By Lindsay Pollock and Philip Boroff
Nov. 11 (Bloomberg) — A 1983 graffiti-inflected Jean- Michel Basquiat painting that didn’t sell at Christie’s International’s New York auction sat propped up against a wall alongside two shipping crates at the company’s headquarters, a casualty of aggressive estimates.
The 16-foot-wide Basquiat, the projected top lot at last night’s auction, was expected to fetch at least $9 million. An Andy Warhol, with the second-highest estimate, also went unsold.
Some works sold for much more than their projections, pushing the auction’s final tally to $74.2 million, within the $61.5 million to $88 million target. Still, it was Christie’s smallest New York evening contemporary-art sale since May 2003, down 81 percent from the market’s peak 2 1/2 years ago.
“There is zero tolerance for overpriced or overestimated work now,” said dealer Lucy Mitchell-Innes, president of the Art Dealers Association of America. “The results are in line with the broader market. There is interest in buying, but it is more disciplined.”

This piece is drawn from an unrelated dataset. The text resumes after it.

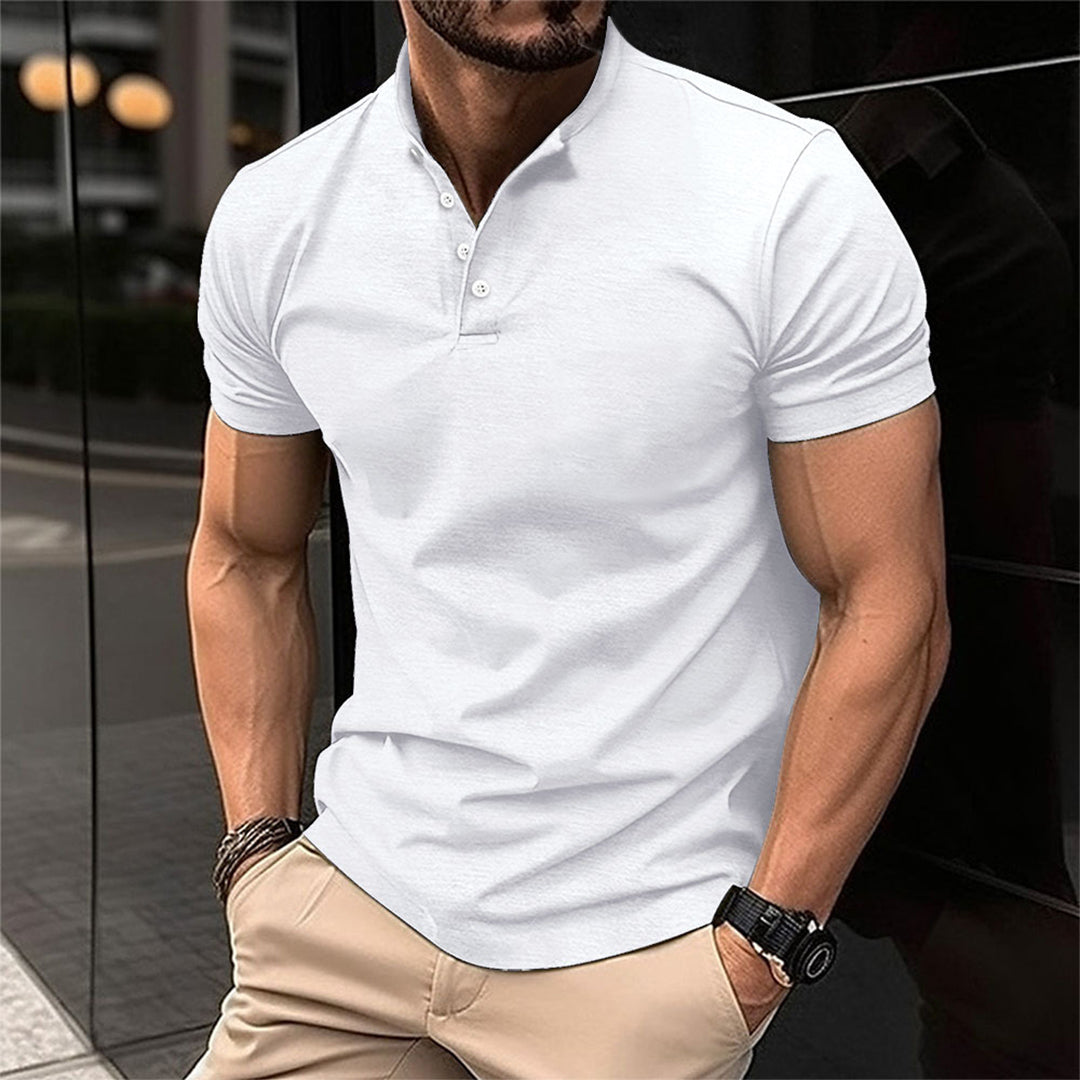 Trendy Marcus Men's Classic Polo, versatile collared shirt for stylish casual or everyday comfort.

Of 46 artworks offered, 39 sold. The surprise top lot was Peter Doig’s 1996 “Reflection (What does your soul look like),” depicting an image of the artist’s brother in a pond; it zoomed past a $6 million high estimate to fetch $10.2 million after heated competition among four bidders.
The seller bought it for about $11,000 the year it was painted, said Gordon VeneKlasen, director of the Michael Werner Gallery, one of Doig’s dealers.
With the art market laid low a year ago by the world financial crisis, expectations going into last night were modest.
“I was surprised at the buoyancy of the sale,” said collector Gilbert Harrison, chief executive of Financo, Inc., a boutique investment bank.
The saleroom was standing room only. Some dealers cited the Standard & Poor’s 500 Index’s 62 percent rally from its March low for the renewed confidence.
“The fear has dissipated,” said Peter Sahlman, an art advisor. “You can see the psychological change.”
Christie’s opened the auction with a collection of small- scaled choice paintings and drawings from the late avant-garde composer John Cage and his companion, choreographer Merce Cunningham, all gifts from artist friends. Cunningham died in July. The works, which are being sold to benefit the Merce Cunningham Trust, were tagged with drastically low estimates.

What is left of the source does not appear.